I did it using option 2. I started to debug the decryption routine while I saw the code that it was deciphering. At one point I saw the beginning of a PE file, because I saw it’s magic number 0x4D 0x5A (MZ):
At this moment I began to be clear about what it was doing, first find the “explorer.exe” process and then inject a code that was composed for a routine of coding plus a PE file, and then look if it was an executable or a .dll library
Knowing that it injected this PE file, what I did was a dump with the OllyDBG of the original file, once realized the whole routine of the deciphered, so I have the original, plus the decrypted PE file.
The next step would be to extract a PE file from the executable. This I did with Hiew:
When I had the PE file injected into an executable, the next thing I did was to make a static analysis with IDA Pro
The first thing that you see when you open the file with IDA Pro is that it was a .dll library as we showed the DllMain() function.
Another interesting function contained in this library was «URLDownloadToFileA», which meant that a file is download from Internet.

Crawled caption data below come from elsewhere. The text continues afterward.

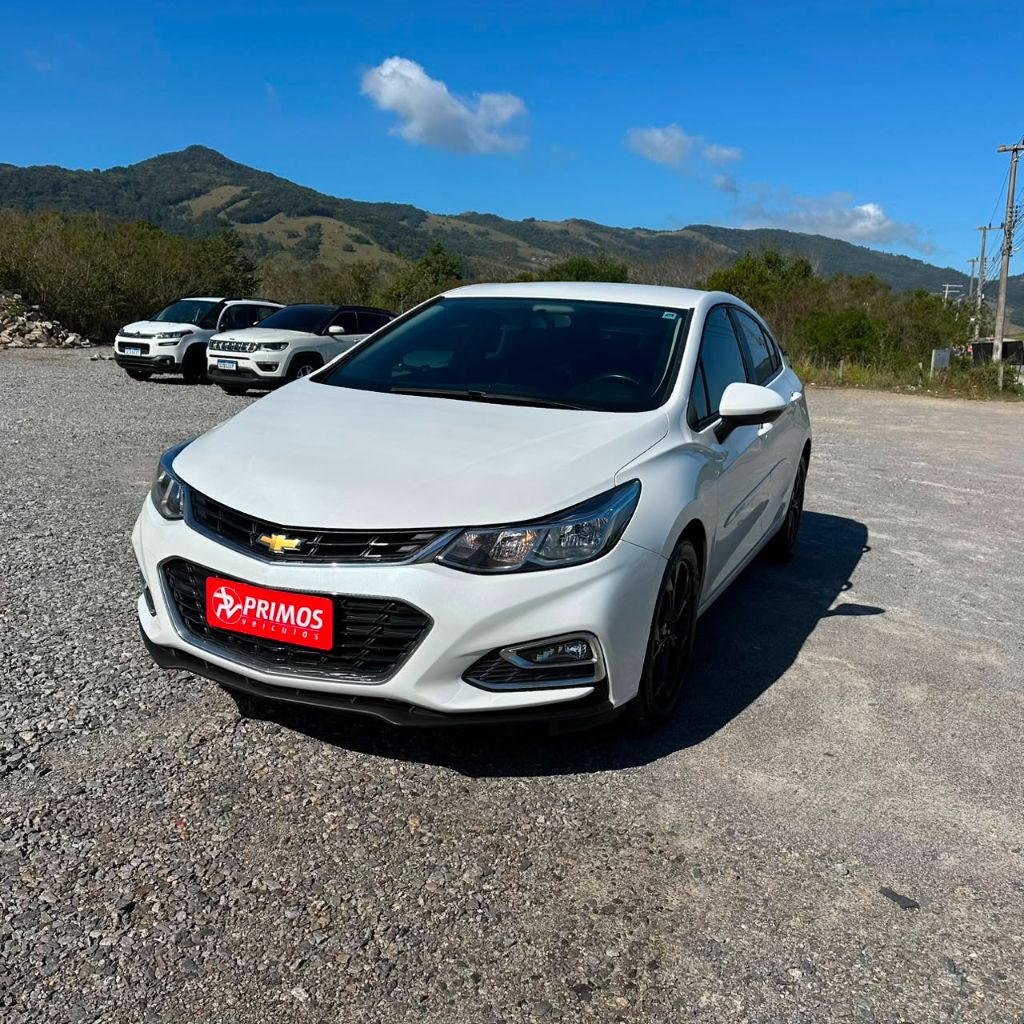 GM - Chevrolet CRUZE Sport LT 1.4 16V TB Flex 5p Aut.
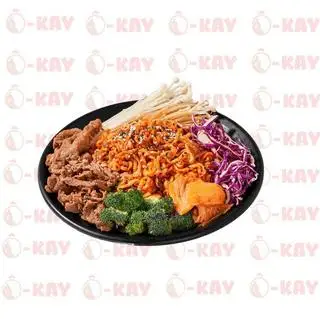 Hình ảnh Mì xào bò tái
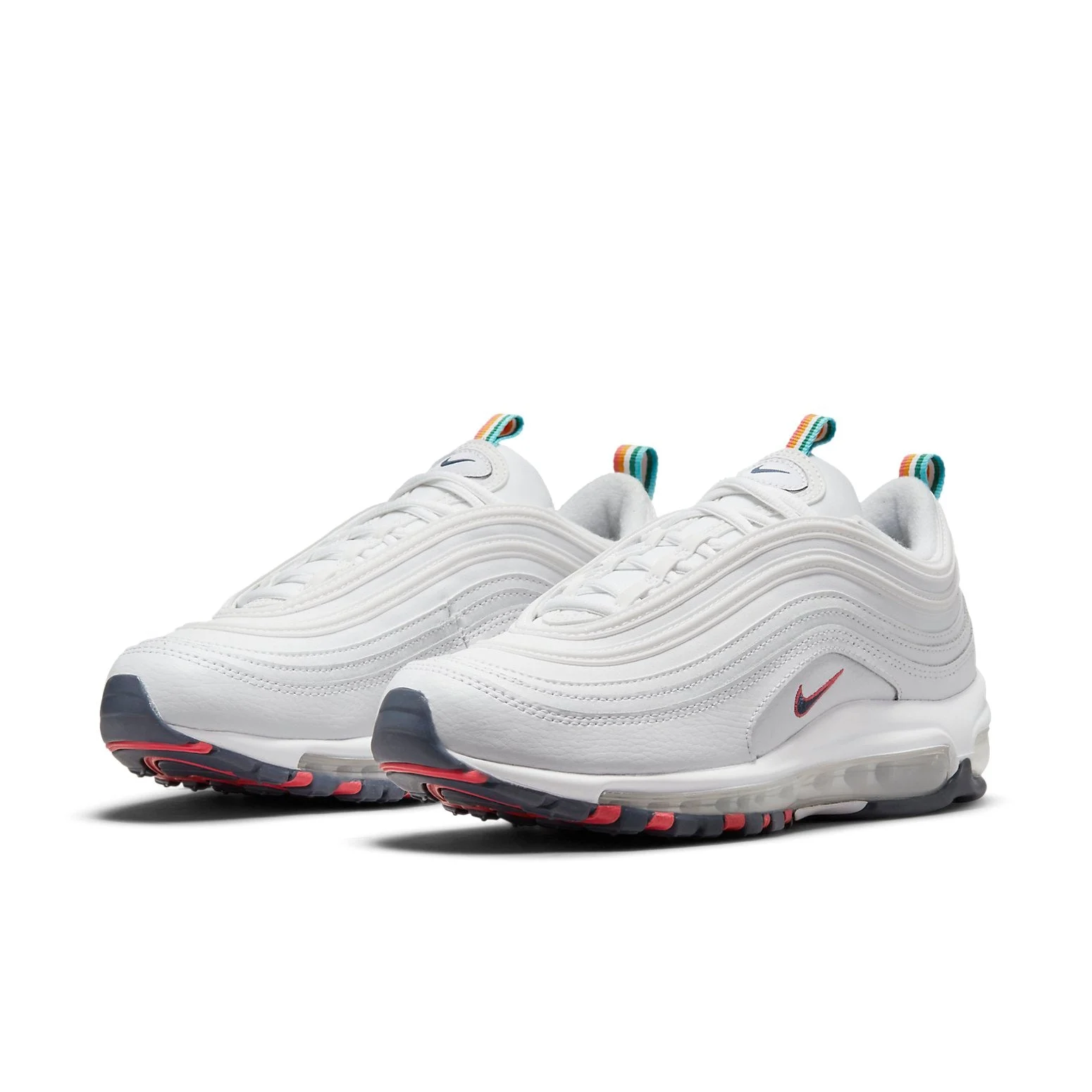 Alternative view of (WMNS) Nike Air Max 97 ‘White Multi’ DH1592-100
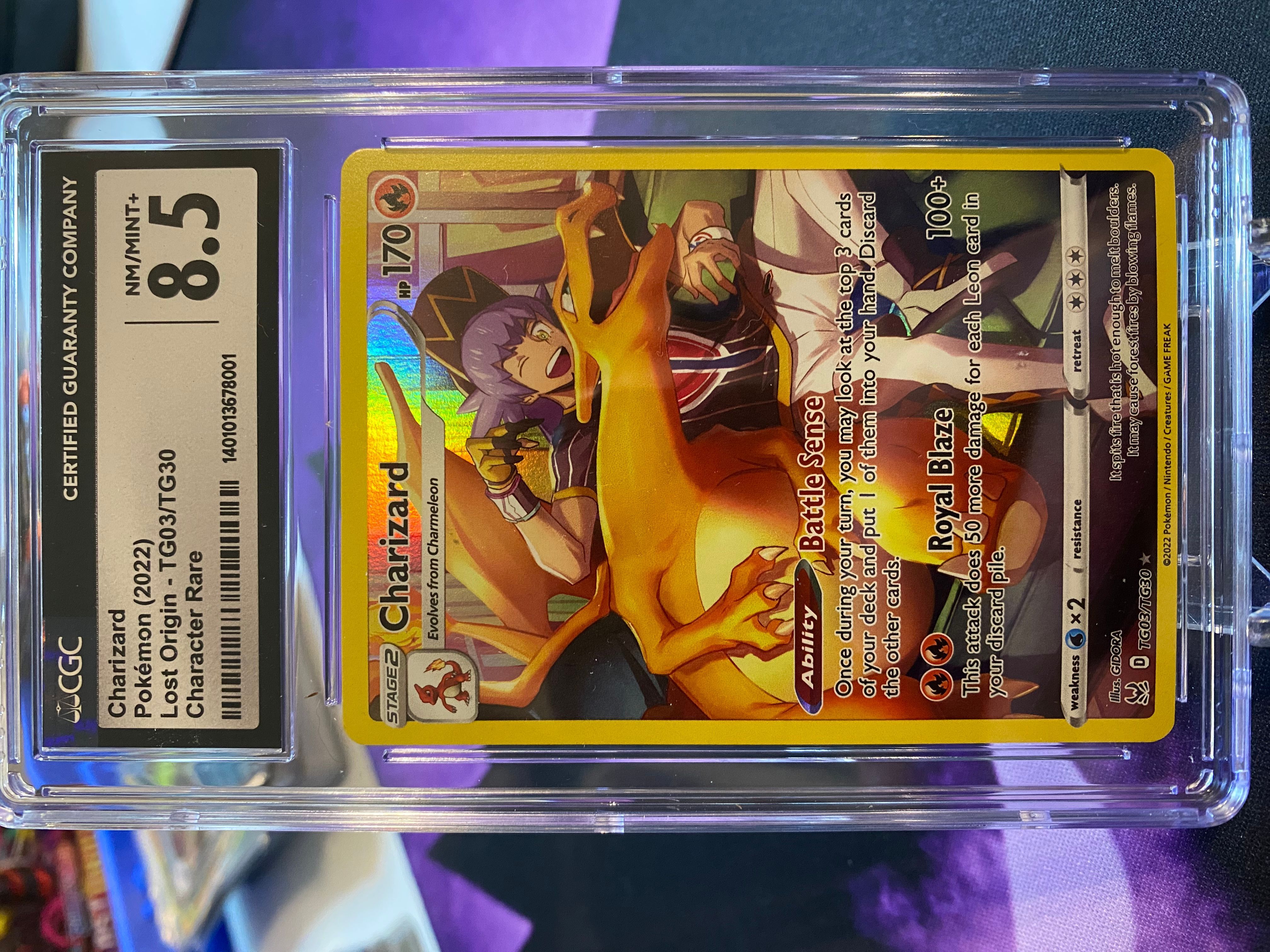 pokemon trading card game lost origin ultra rare charizard tg03 Broly UM6-MCP3 CP Super Dragon Ball Heroes Mint Card SDBH — Japan FE DB FGO  Gundam Otaku Card Game Shop main image 0
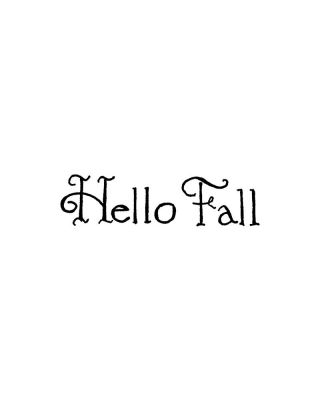 Hello Fall - BB11540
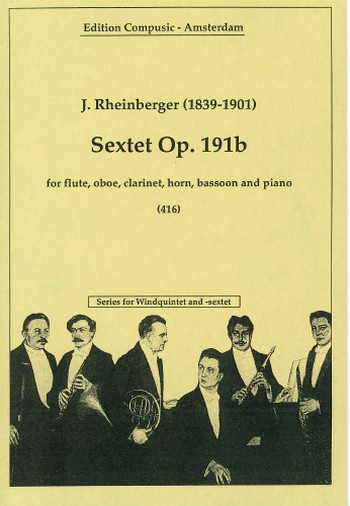 SEXTET OP.191B FOR FLUTE,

Analyzing the file statically you could see that firstly it was obtaining the name of the local host using the «GetComputerNameA» and comparing it to the string «NULLCON2014». If it matched with this string, continued executing actions, else, it ended:
If the name was correct «NULLCON2014», the following thing that it was doing was getting the current system date by calling «GetSystemTime». Then it made comparisons to see if the date was 03/03/2033:
Depending on whether the date was correct (03-03-2033) or not, it make the request to a specific URL or another.
If the date was incorrect the request was make to:
- http://ctf.nullcon.net/NaN.php
However, if the date was correct it make the request to the url that you returned the flag to get this challenge successfully:
- http://ctf.nullcon.net/data/2014/rev/APT31337.php
For these requests to be successful they had to be performed by a correct «User-Agent»:
Finally, we can see that the Flag is MACHETE_HACKS_YOU!